Now after being shot again—and surviving again—the sky’s the limit for this young musical performer.
Police arrested 43-year-old Corey McClendon in connection with the shooting. McClendon is an alleged associate of Young Dolph’s rival Memphis rapper Yo Gotti, who was arrested along with McClendon in 2010 for a shooting incident in a parking lot. The case fell apart due to a lack of willing witnesses.
If Young Dolph survives this latest shooting as it appears he will, this will be all the evidence everyone needs that the angels smile more brightly on him than they did on Yung Mazi, an Atlanta rapper who’d boasted that “God made me bulletproof” after he survived eleven shootings. But it was the twelfth shooting that proved to be Yung Mazi’s undoing.

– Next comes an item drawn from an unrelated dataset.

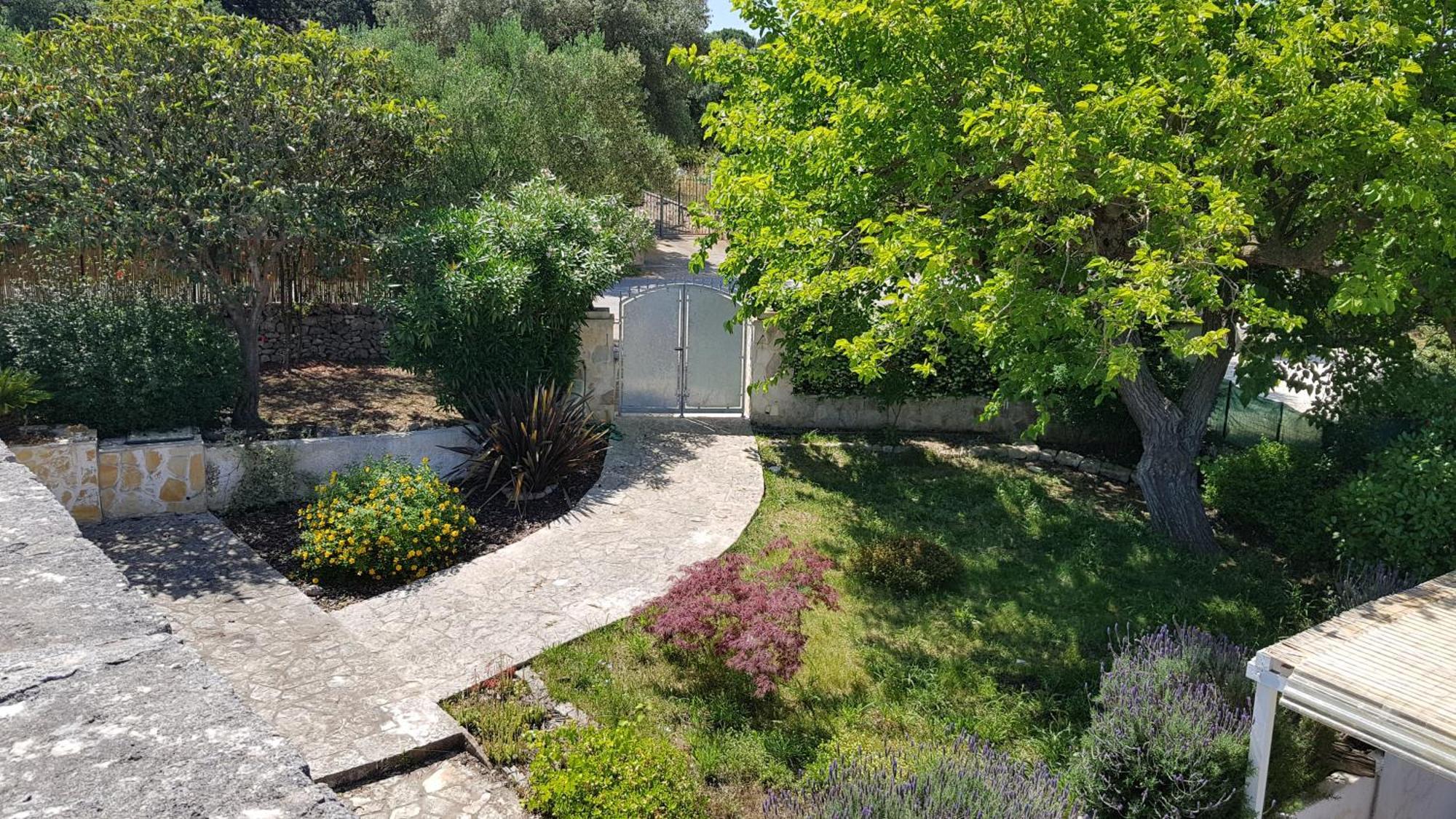 Podere Del Gelso Bianco, Vacation Rental Ostuni Exterior foto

To all young aspiring rappers out there who aspire to be shot in order to boost your career, please take note: It’s quite possible that being shot and killed will be the best thing to ever happen to your career; the problem, though, is that you won’t be around to enjoy it. The key is to survive the multiple attempts on your life.
At the bright and bushy-tailed age of 12, a diminutive black boy named Dwayne Michael Carter, Jr. accidentally shot himself with a .44-caliber gun. He survived the shooting and later called himself Lil Wayne, whose net worth is now $150 million.
In May of 2000, Curtis James Jackson III was shot nine times in front of his grandmother’s house in Queens. He survived the shooting and became famous worldwide as 50 Cent, who despite his name now has an estimated worth of around $15 million.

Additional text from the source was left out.